Panjiar disse ainda que a preocupação é que a Índia não tem uma política de segurança cibernética e que mesmo a atual estrutura de proteção de dados “retira o paisagem da indemnização que os usuários afetados receberiam”, tornando esses vazamentos um motivo de preocupação ainda maior. “Acho que é um momento de preocupação para todos os que foram vacinados por meio do CoWIN”, acrescentou Panjiar.

O ministério da saúde disse que as alegações de que o portal CoWIN foi violado são “sem fundamento” e que a equipe de resposta a emergências de computador, a filial responsável por responder a incidentes de segurança cibernética, foi solicitada a investigar.

O ministro de TI da Índia, Rajeev Chandrasekhar, twittou que os dados acessados ​​pelo bot são de um “banco de dados de agentes de ameaças” e que “não parece que o aplicativo ou banco de dados CoWIN tenha sido violado diretamente”.

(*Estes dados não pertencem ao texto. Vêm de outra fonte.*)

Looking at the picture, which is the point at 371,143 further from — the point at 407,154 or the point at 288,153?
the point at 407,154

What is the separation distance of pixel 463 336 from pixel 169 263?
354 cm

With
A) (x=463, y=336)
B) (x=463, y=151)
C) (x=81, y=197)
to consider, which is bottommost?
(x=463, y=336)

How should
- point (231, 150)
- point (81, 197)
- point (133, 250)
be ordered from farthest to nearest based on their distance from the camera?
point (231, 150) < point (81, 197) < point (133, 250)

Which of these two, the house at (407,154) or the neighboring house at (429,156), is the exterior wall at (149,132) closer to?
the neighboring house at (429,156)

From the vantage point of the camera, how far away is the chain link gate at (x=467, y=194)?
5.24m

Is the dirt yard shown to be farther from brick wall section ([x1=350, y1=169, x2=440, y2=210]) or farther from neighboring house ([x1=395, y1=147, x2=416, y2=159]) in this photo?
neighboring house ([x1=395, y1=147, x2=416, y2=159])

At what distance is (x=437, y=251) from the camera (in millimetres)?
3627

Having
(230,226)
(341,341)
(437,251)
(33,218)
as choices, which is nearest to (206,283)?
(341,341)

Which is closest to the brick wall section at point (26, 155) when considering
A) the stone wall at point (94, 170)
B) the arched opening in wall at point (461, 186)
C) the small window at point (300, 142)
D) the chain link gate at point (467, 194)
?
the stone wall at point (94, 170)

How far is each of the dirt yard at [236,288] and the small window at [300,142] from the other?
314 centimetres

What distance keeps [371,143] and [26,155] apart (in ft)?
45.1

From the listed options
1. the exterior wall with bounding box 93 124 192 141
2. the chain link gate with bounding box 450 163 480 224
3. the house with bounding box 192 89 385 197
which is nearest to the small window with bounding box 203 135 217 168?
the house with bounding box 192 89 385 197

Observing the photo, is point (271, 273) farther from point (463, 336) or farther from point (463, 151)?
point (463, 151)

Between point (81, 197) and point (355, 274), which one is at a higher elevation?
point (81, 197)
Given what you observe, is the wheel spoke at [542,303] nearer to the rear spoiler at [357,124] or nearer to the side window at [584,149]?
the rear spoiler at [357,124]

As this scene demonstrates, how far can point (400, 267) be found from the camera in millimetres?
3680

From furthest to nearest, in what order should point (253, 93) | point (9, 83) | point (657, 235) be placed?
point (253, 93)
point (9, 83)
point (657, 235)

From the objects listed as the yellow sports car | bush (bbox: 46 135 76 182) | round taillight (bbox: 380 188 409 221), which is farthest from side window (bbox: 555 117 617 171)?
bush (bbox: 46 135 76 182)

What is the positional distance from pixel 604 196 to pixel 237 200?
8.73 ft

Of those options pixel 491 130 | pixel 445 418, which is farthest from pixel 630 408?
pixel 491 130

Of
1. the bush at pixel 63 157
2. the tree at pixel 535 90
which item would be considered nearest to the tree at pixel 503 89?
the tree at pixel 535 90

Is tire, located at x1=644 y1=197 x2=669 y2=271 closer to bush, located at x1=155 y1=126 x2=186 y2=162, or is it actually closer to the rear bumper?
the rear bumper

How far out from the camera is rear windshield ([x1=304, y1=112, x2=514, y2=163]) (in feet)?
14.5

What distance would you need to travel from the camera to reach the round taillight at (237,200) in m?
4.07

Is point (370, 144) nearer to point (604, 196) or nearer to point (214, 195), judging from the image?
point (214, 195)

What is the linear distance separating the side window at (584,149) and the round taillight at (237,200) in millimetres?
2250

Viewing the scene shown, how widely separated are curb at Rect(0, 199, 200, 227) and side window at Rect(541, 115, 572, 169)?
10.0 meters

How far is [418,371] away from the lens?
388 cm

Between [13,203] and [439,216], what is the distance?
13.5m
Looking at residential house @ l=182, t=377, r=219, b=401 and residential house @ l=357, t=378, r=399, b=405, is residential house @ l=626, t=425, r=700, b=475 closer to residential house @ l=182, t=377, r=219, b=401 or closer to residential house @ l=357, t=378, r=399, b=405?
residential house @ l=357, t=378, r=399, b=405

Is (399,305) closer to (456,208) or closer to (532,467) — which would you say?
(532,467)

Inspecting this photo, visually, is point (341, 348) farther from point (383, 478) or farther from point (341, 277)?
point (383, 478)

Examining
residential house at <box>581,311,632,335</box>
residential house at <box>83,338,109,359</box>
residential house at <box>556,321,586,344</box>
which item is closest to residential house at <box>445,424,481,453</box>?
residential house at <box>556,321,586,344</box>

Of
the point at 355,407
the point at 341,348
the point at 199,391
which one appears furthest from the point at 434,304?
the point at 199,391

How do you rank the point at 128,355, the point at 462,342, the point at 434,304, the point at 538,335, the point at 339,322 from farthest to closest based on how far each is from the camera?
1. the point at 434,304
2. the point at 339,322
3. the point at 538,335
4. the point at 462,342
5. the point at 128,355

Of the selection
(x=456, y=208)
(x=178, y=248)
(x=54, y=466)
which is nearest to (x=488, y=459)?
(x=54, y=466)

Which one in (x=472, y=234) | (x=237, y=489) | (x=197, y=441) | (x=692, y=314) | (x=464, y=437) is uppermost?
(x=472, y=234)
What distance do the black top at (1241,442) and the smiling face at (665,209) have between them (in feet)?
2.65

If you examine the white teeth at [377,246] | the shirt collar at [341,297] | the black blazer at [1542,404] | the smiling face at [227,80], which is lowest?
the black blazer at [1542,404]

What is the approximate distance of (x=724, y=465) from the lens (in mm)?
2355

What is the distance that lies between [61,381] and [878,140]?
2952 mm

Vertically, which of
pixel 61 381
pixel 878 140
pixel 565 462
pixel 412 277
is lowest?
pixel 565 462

Um relatório independente pela plataforma de monitoramento de risco do dedo CloudSEK parece validar isso até claro ponto. A pesquisa da empresa sugere que, em vez de ter aproximação a todo o banco de dados ou back-end do CoWIN, os hackers podem ter obtido várias credenciais dos profissionais de saúde, permitindo-lhes aproximação mais restringido aos registros.